Australia is, however, moving fast on solar — faster than New Zealand in per-capita rooftop solar terms, where it leads the world. NZ’s advantage is in the nature of its renewables: hydro and geothermal are dispatchable, reliable, and storage-backed in a way that rooftop solar is not. When the sun doesn’t shine in Sydney, you need the gas peaker. When it doesn’t rain in Otago, New Zealand does face a dry-year challenge — but the geothermal base sits beneath that as a floor.
Despite NZ's grid advantage, transport accounts for roughly half of NZ's energy-related emissions, and is still almost entirely petroleum-dependent. The grid is clean; the roads mostly aren't — yet. That gap is the central challenge, and closing it faster is the central opportunity.
What New Zealand Must Do Next: The Electrification Roadmap
Being better positioned than the 1970s, and better positioned than Australia, is necessary but not sufficient. The Iran crisis is a forcing function. New Zealand has a window — opened by this crisis — to make decisions that would otherwise drift through bureaucratic inertia for years. Here is what that roadmap looks like:
Accelerate fleet electrification
Electrify the commercial and freight sector
Build out rural fast-charging infrastructure
Expand grid-scale battery storage to firm up the hydro system
Develop a domestic sustainable aviation fuel (SAF) pathway
Maximise onshore fuel storage as the short-term bridge
NZ has 620 million litres of unused storage capacity. Filling it — using government co-investment if necessary — extends New Zealand's crisis window from weeks to months, buying time for all of the above to compound.
The Deeper Point: Energy Sovereignty as Strategic Doctrine
There is a framing shift required here that New Zealand has not yet fully made.
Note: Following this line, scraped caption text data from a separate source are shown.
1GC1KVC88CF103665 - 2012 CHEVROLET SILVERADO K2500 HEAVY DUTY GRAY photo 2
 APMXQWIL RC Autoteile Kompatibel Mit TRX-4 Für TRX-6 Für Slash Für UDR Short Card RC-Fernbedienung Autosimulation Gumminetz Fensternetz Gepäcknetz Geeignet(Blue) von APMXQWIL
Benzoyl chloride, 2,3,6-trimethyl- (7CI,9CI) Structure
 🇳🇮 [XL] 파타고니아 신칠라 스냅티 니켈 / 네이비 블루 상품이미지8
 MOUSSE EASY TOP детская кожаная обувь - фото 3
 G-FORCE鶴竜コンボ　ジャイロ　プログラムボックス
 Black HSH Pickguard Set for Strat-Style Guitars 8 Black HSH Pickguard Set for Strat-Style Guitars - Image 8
For decades, energy policy has been discussed primarily through the lens of climate change and emissions reduction. That framing, while legitimate, has political limits — it polarises, it generates backlash, it is easily painted as sacrifice. The Iran war offers a different framing: energy sovereignty. The proposition is not “drive an EV to save the planet.” It is “drive an EV and charge it from New Zealand’s own rivers and volcanoes, so that no war in the Middle East can strand you at a petrol station.”
These two framings lead to the same destination. But one of them has broad cross-party appeal in a way that climate policy rarely does. National Party voters who bristle at emissions targets have no particular objection to New Zealand being less dependent on foreign oil. NZ First voters who championed Marsden Point as a sovereignty issue should logically extend that reasoning to electrification. The alignment is there. It just needs a government willing to name it.
Australia’s situation reinforces the point. Australia’s fossil fuel abundance — its vast coal reserves, its LNG exports — has paradoxically made the energy sovereignty argument harder to prosecute politically. Why worry about energy security when you’re sitting on so much carbon? But that coal heats your electricity, not your petrol tank. In a liquid fuel shock, Australia’s coal reserves are irrelevant. New Zealand’s geothermal fields and hydro lakes, feeding into an electrifying transport fleet, are not. The small, resource-constrained island nation has, through a quirk of geology and decades of hydro investment, ended up with a more robust energy structure for the 21st century than its coal-rich neighbour, and most other countries in the world.